[EXCERPTED DATA]
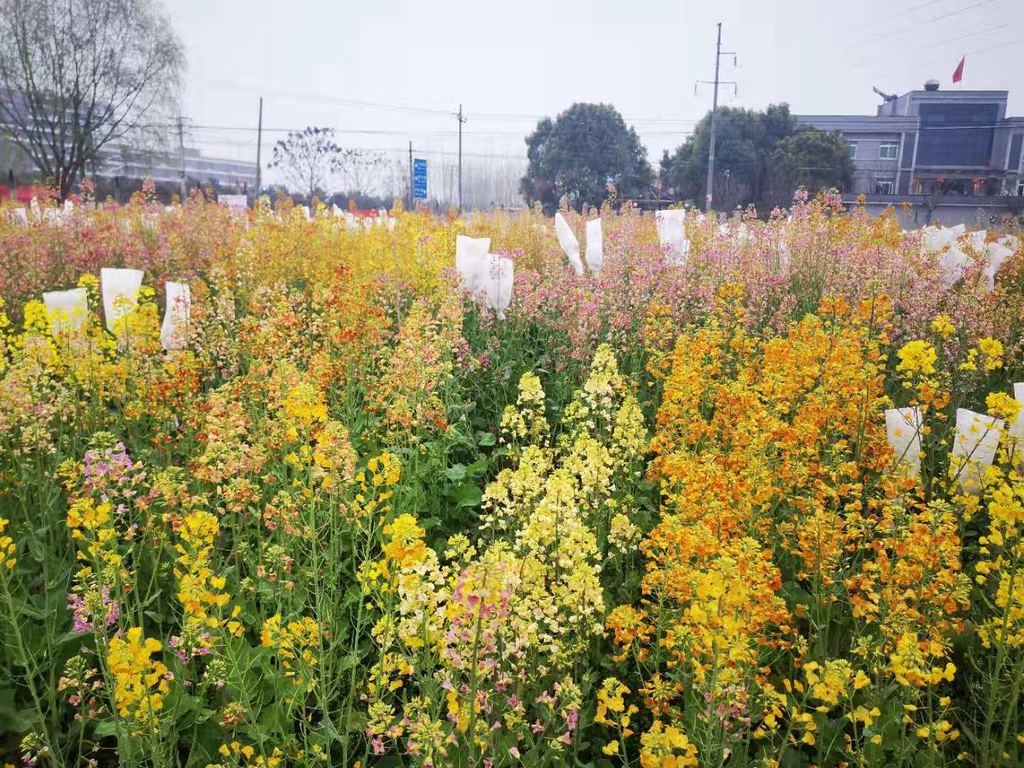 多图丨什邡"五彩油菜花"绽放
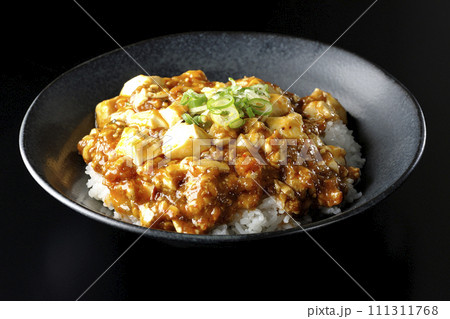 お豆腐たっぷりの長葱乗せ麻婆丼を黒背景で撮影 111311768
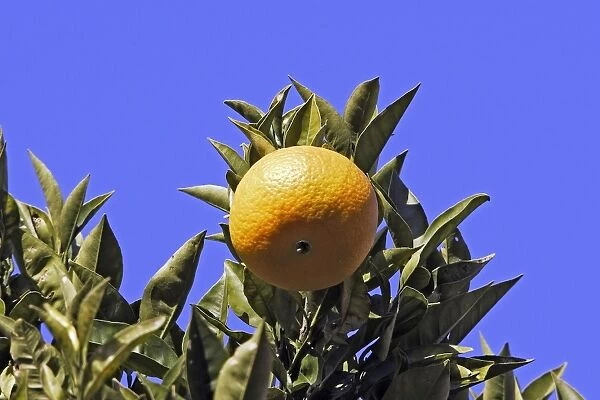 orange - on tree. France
[/EXCERPTED DATA]
[EXCERPTED DATA]
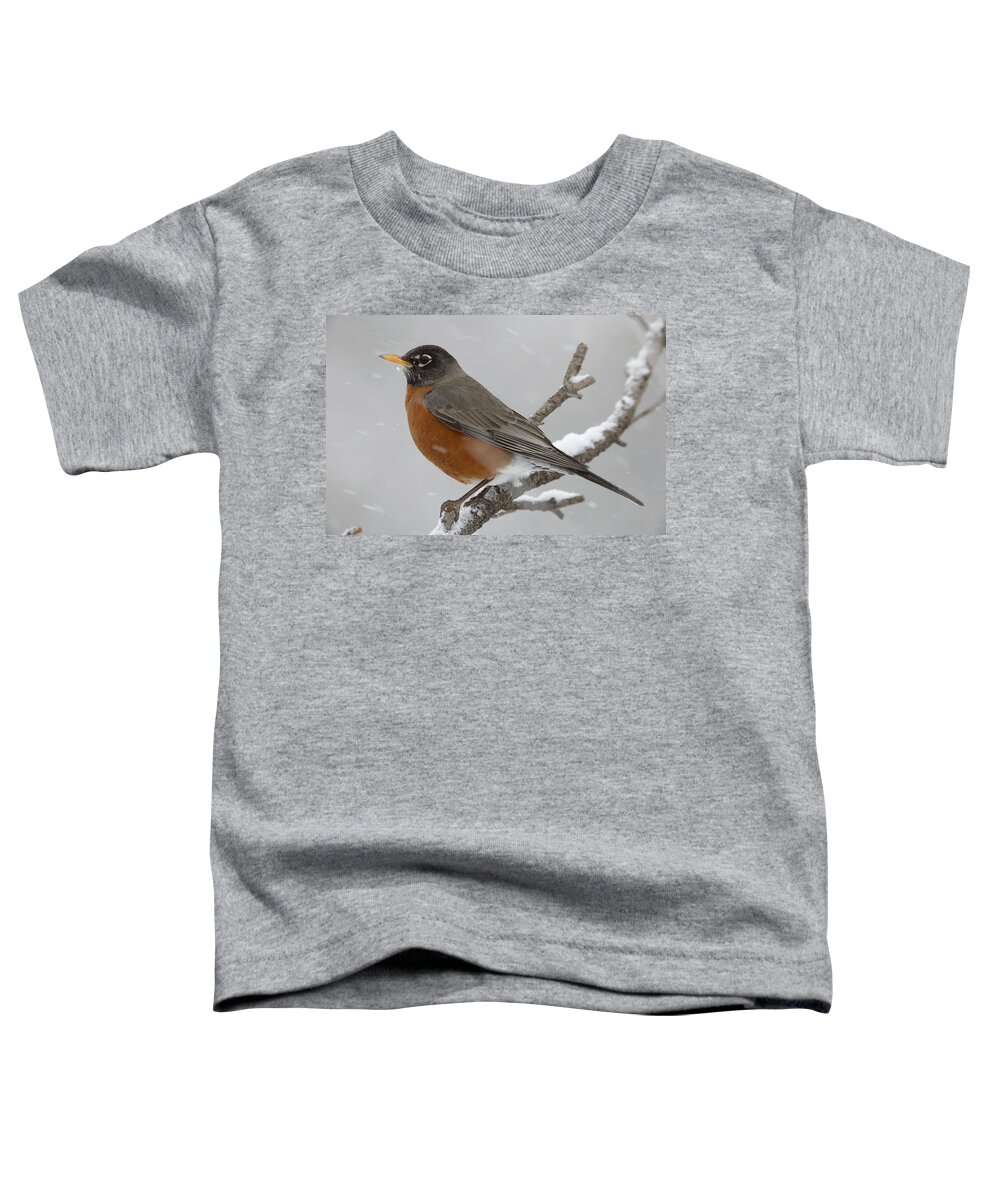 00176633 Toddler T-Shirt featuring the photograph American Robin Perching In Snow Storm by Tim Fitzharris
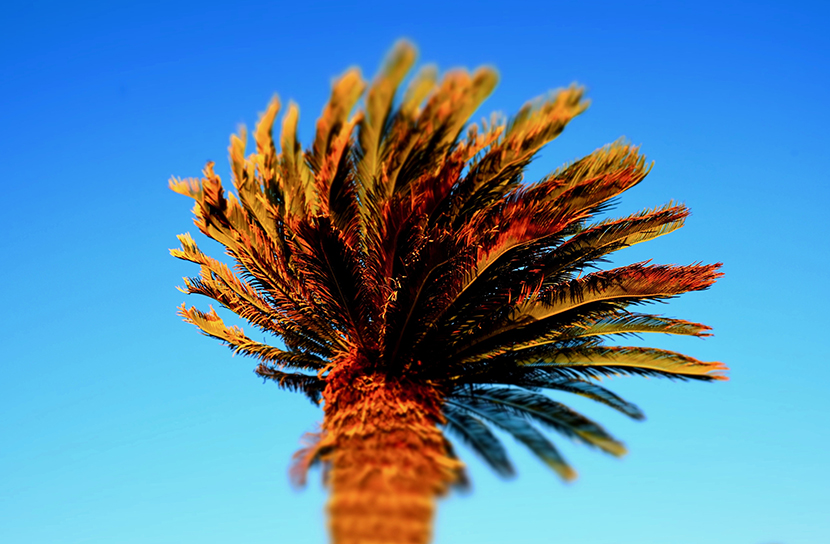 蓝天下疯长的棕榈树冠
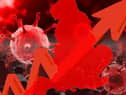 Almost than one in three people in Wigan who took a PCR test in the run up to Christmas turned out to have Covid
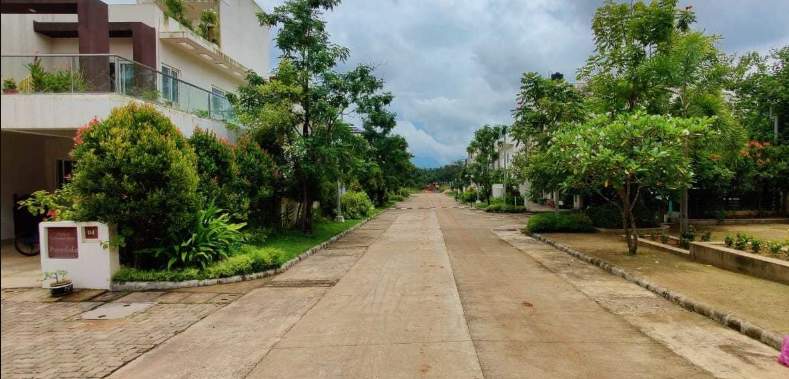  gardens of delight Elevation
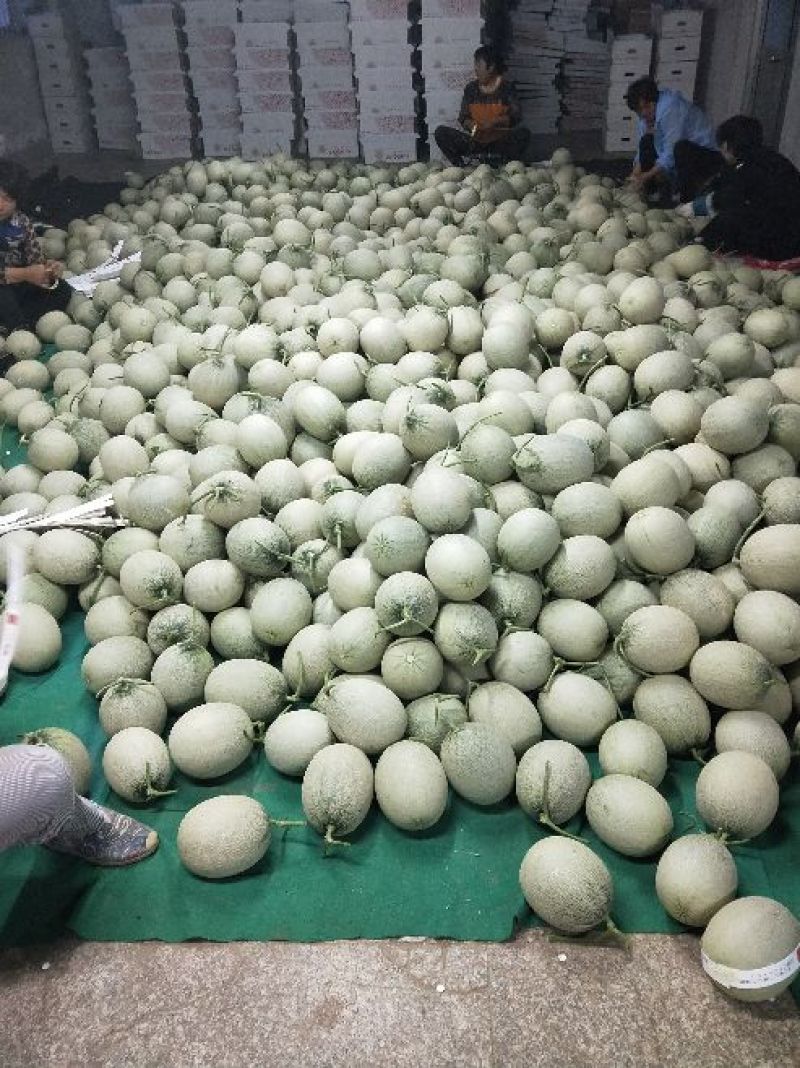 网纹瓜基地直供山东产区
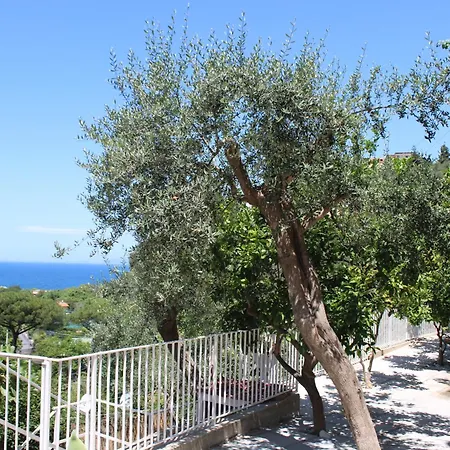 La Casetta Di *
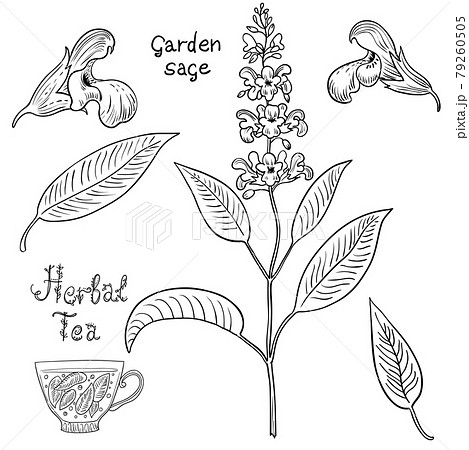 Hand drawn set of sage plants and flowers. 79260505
[/EXCERPTED DATA]
[EXCERPTED DATA]
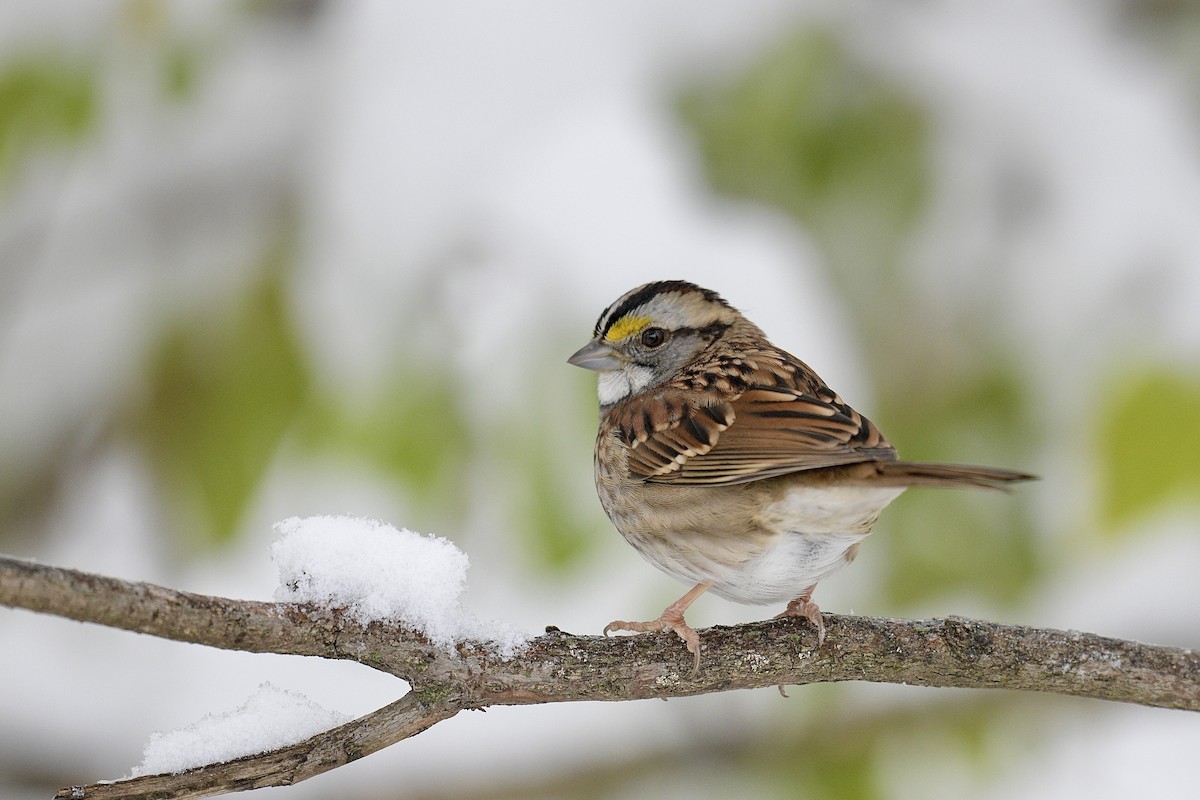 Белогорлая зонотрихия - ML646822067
[/EXCERPTED DATA]
#### TASK DESCRIPTION:
In the data above, the stretch from the line with "gardens of delight Elevation" through the line with "Hand drawn set" is to be returned exactly, minus any pictures.

#### WRITTEN ANSWER:
  gardens of delight Elevation
 网纹瓜基地直供山东产区
 La Casetta Di *
 Hand drawn set of sage plants and flowers. 79260505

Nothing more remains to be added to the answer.